News Feature Extraction for Events on Social Network Platforms
Peiquan Jin,Lin Mu,Lizhou Zheng,Jie Zhao,Lihua Yue
DOI: https://doi.org/10.1145/3041021.3054151
2017-01-01
Abstract:Microblog-based social network platforms like Twitter and Sina Weibo have been important sources for news event extraction. However, existing works on microblog event extraction, which usually use keywords, entities, or selected microblogs to represent events, are not able to extract details of an event. Based on the view of news report, an event should present detailed news features, i.e., when, where, who, whom, and what. Such news features are helpful for conducting deeply data analysis on microblogs, e.g., competitor monitoring and public crisis discovery.

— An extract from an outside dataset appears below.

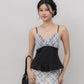 Ines Lace Padded Pintuck Top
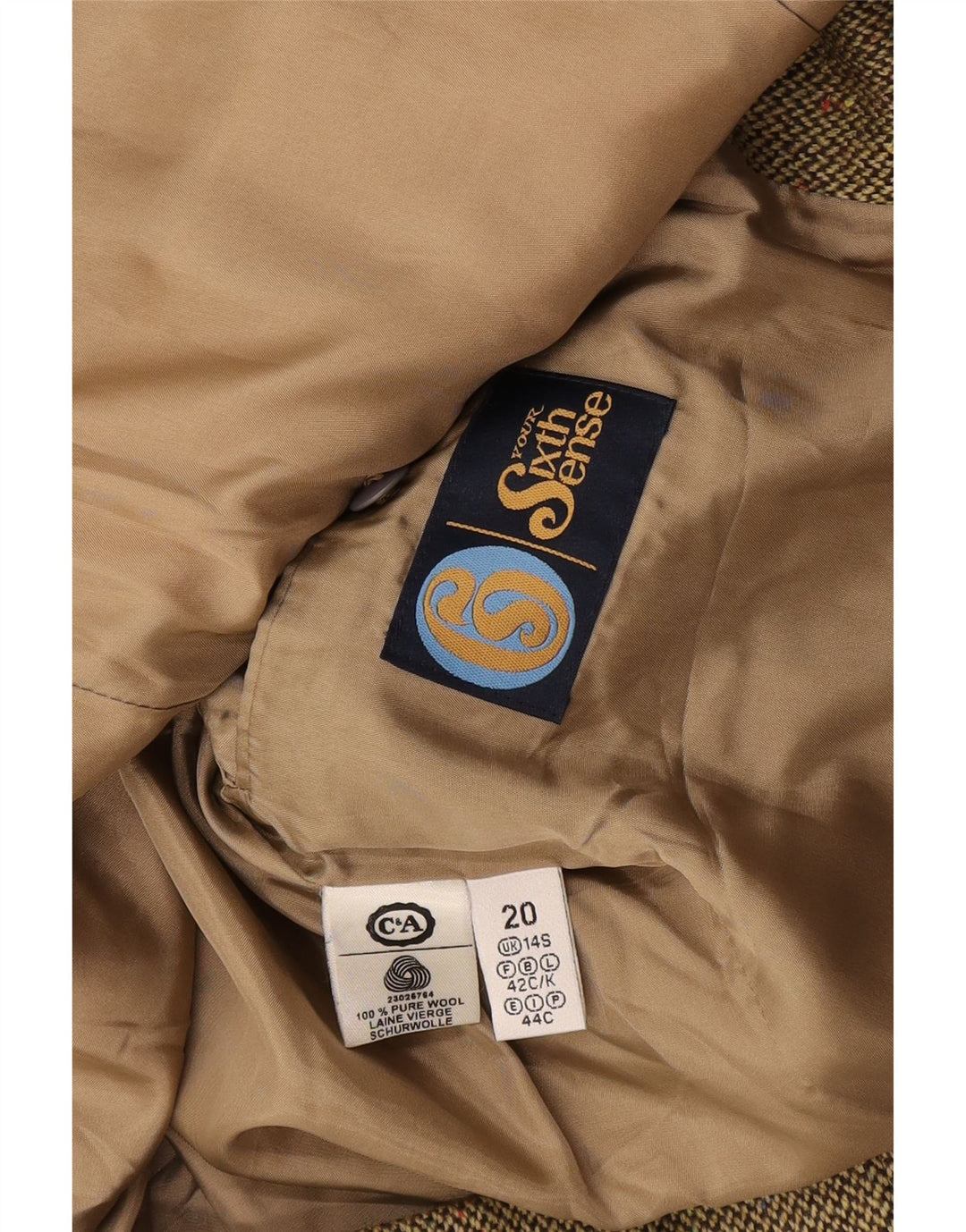 Jaqueta blazer feminina Your Sixth Sense Reino Unido 14 grande bloco colorido cáqui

However, the challenge is that the news features of an event on microblogs are usually distributed among different posts because of the short-text property of microblogs. This is much different from extracting news events from Web news pages that usually contain most details of an event. In this paper, we propose a new framework to extract events together with their news features from microblogs. We first extract a set of events from microblogs. Each event is represented as a distribution over four kinds of named entities including location, person name, organization, and time. In addition, the type of each event, i.e., location-related, person-related, or organization-related, is determined by a machine-learning method. In order to obtain the news features of an event, we propose an event-clustering approach that puts together all the relevant events into a cluster. For each cluster, we propose different algorithms to extract the news features of the event reported in the cluster. We conduct experiments on two microblog datasets crawled from a commercial microblogging platform to evaluate the performance of the proposed framework. The results suggest the effectiveness of our proposal.